What is clear from the figure is that in the \(K^0 {\bar{K}}^0\) mass distribution there has been a constructive interference of the \(f_0\) and \(a_0\) resonances, while in the \(K^+ K^-\) mass distribution the interference has been destructive. This is exactly the reason suggested in the analysis of the \(D_s^+ \rightarrow \pi ^+ K^+ K^-\) and \(D_s^+ \rightarrow \pi ^+ K_S^0 K_S^0 \) reactions [23] to justify the existence of the \(a_0(1710)\) resonance, which should give the same \(K^+ K^-\) or \(K^0 {\bar{K}}^0\) mass distributions should there be only the \(f_0(1710)\) state.

4 Conclusions

The appearance of the \(D_s^+ \rightarrow \pi ^+ K_S^0 K_S^0\) experiment [23] contrasting the results with those observed in the \(D_s^+ \rightarrow \pi ^+ K^+ K^-\) reaction in [24] and claiming the existence of an \(a_0\) resonance around 1710 MeV, the isospin parter of the \(f_0(1710)\) (with mass 1735 MeV in the RPP), motivated us to perform this work, since indeed such a resonance had been predicted in Ref. [5] as a molecular state of \(K^* {\bar{K}}^*\) and other vector–vector coupled channels, and was corroborated in the work of Ref. [20] .

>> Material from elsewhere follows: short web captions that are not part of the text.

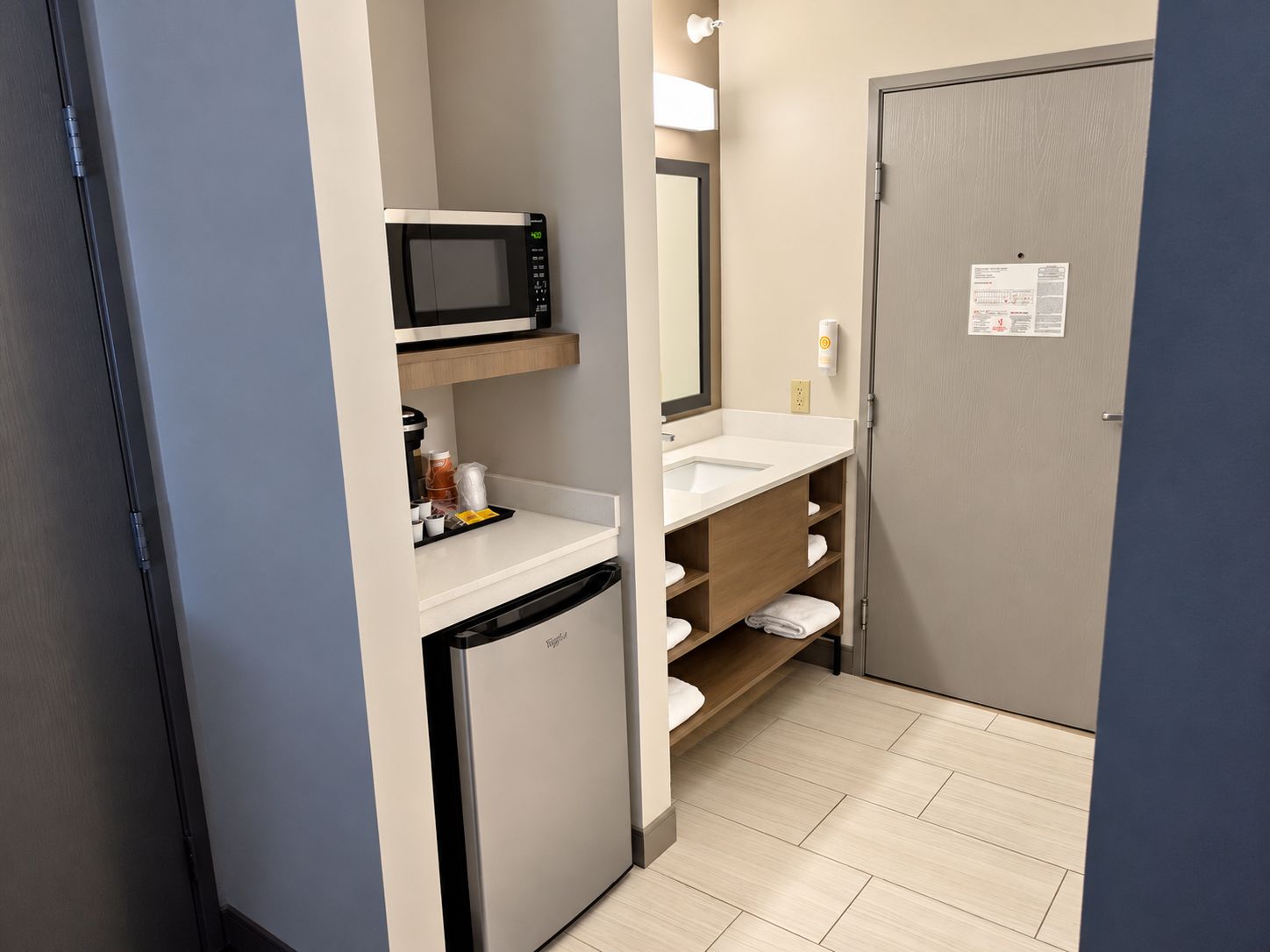 A compact bathroom with a microwave, sink, and storage shelves.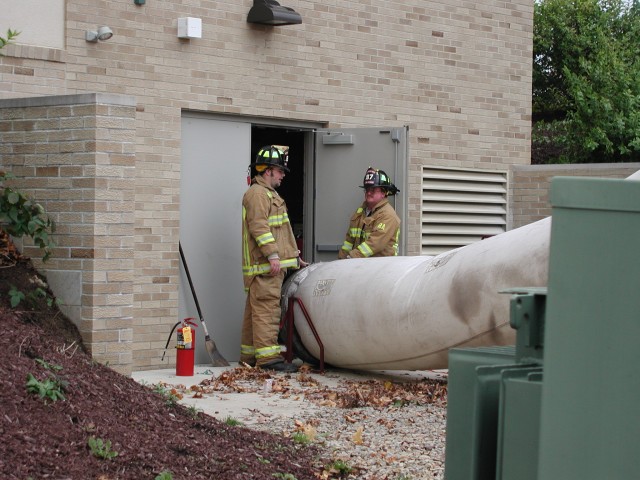 Firefighter Broome and Hays assist vent 112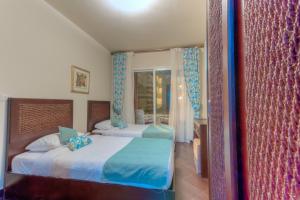 Postel nebo postele na pokoji v ubytování Porto Matrouh Apartments powered By Amer-Group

We looked into the possible ways that the \(f_0(1710)\) and \(a_0(1710)\) could be produced in the \(D_s^+ \rightarrow \pi ^+ K^+ K^-, \pi ^+ K^0 {\bar{K}}^0, \pi ^0 K^+ {\bar{K}}^0\) decays and we identified five different modes in which they could be produced. Three of them associated with external emission, to which we gave weights \(A, A\alpha , A \beta \) and two modes associated with internal emission with weights \(A\gamma , A \delta \). The value of A is irrelevant since it is related to the global strength and disappears when we perform ratios of rates at the peak of the \(K{\bar{K}}\) distributions. While it might look like we have four free parameters, this is not the case, and we showed that taking \(A=1\), we could write the amplitudes in terms of two effective free parameters \(\gamma ', \delta '\) with a range of values restricted by the large \(N_c\) constraints. We calculated the ratio of the \(D_s^+ \rightarrow \pi ^+ K^0 {\bar{K}}^0\) and \(D_s^+ \rightarrow \pi ^+ K^+ K^-\) decay widths \(R_1\), as a function of \(\gamma ', \delta '\) and looked for the overlap region of the \(\gamma '\) and \(\delta '\) parameters that give the experimental band for this ratio with the constraint \(|\gamma '| <1\), \(|\delta '|<1.3\). The overlap region with these constraints allowed us to determine the \(\gamma ',\delta '\) parameters within a reasonable range. In this way we have shown that the picture of [5, 20] for the \(a_0(1710)\) state provides results for the ratio \(R_1\) in agreement with the findings of the experiment.

Another interesting result of our study is that we make predictions for the branching ratio of the, yet, unknown results for the \(D_s^+ \rightarrow \pi ^0 K^+ K_S^0\) reaction. We calculated this branching fraction using values of \(\gamma ',\delta '\) randomly chosen from the allowed region for the ratio of \(R_1\), and counting different uncertainties we found a branching ratio for this reaction of \((1.3 \pm 0.4)\times 10^{-3}\). This is a prediction of our theoretical approach which is only tied to the theoretical couplings of the \(f_0(1710)\) and \(a_0(1710)\) resonances found in [5] to the different coupled channels that build up the resonance, their decay amplitudes to \(K{\bar{K}}\), and to the experimental value of the ratio of branching ratios of \(D_s^+ \rightarrow \pi ^+ K_S^0 K_S^0\) and \(D_s^+ \rightarrow \pi ^0 K^+ K^-\) found in [23] at the peak of the \(f_0\), \(a_0\) \(K{\bar{K}}\) distributions. An agreement of the coming results of the \(D_s^+ \rightarrow \pi ^0 K^+ K_S^0\) reaction with the predictions made here would give a boost to the molecular interpretation on the nature of these two resonances. The present work makes then very valuable the expected results for the \(D_s^+ \rightarrow \pi ^0 K^+ K_S^0\) reaction.